§ **Problem**: The listing is to be reproduced exactly, excluding its pictures.

Materials provided section start

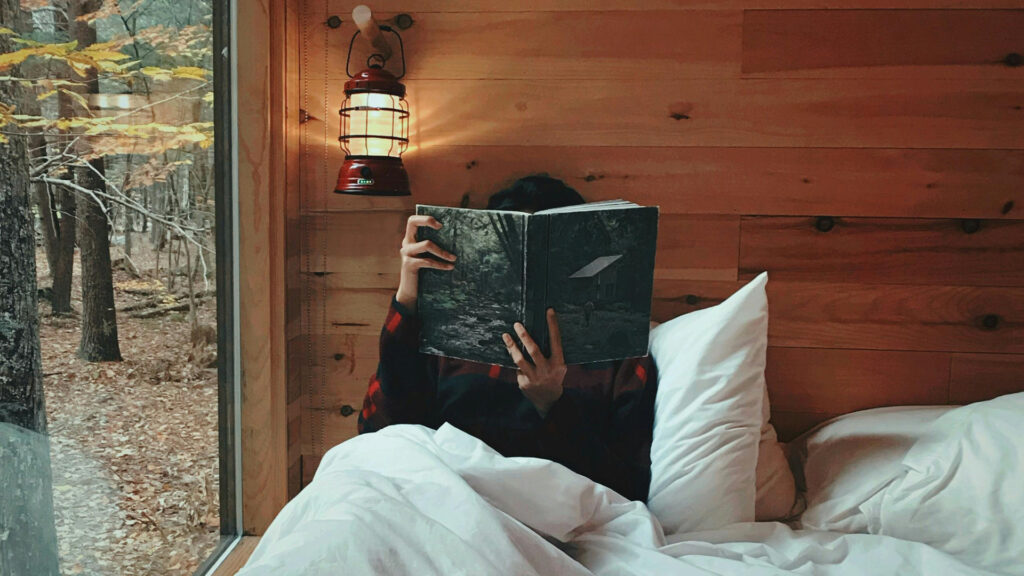 A person reading a book in their bed inside a rustic cabin.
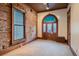 Cozy living room featuring exposed brick, arched doorway, vintage radiator, and neutral carpet at 1650 N Pennsylvania St, Denver, CO 80203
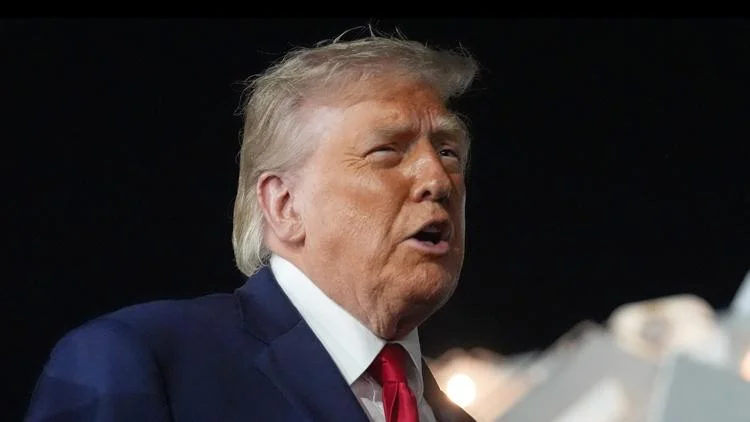 Trump signs bill giving nearly $70B to his immigration...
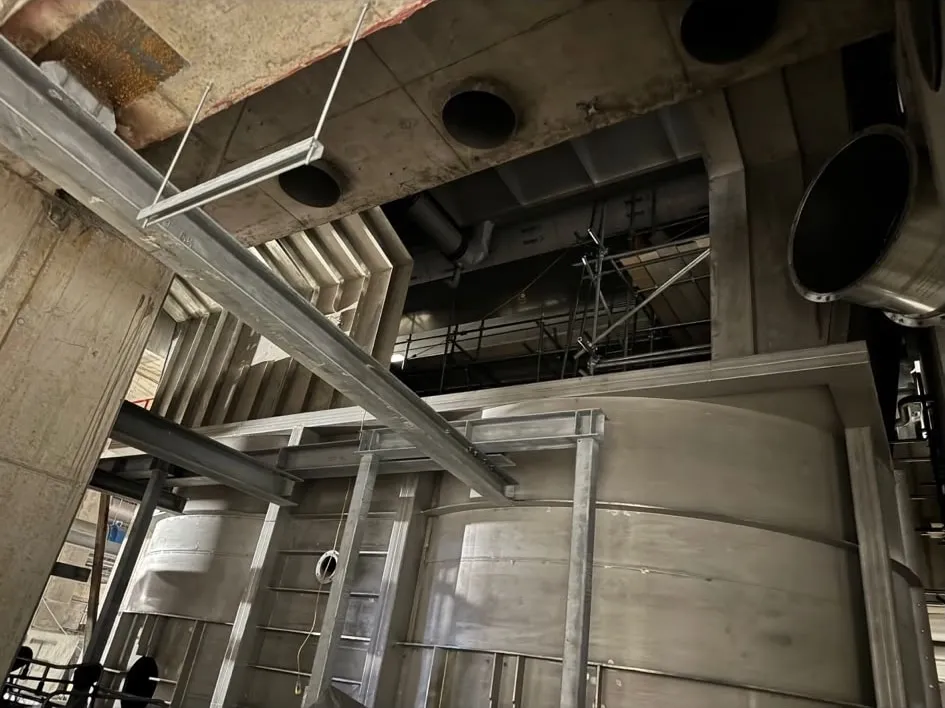 Looking up into fabricated stainless steel ductwork and pipework inside a plant.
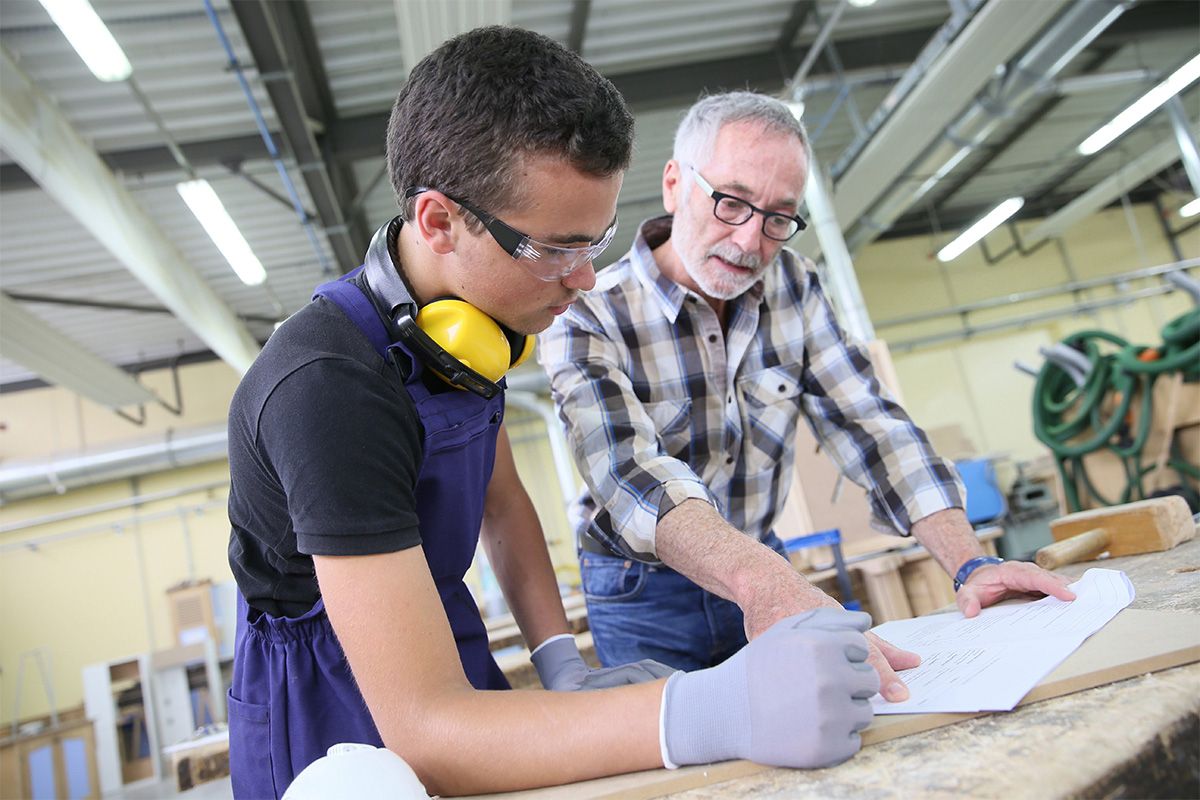 Un jeune homme et un travailleur sénior regardent un plan dans un atelier de bois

Materials provided section end

§ **Answer to this task**:
 A person reading a book in their bed inside a rustic cabin.
 Cozy living room featuring exposed brick, arched doorway, vintage radiator, and neutral carpet at 1650 N Pennsylvania St, Denver, CO 80203
 Trump signs bill giving nearly $70B to his immigration...
 Looking up into fabricated stainless steel ductwork and pipework inside a plant.
 Un jeune homme et un travailleur sénior regardent un plan dans un atelier de bois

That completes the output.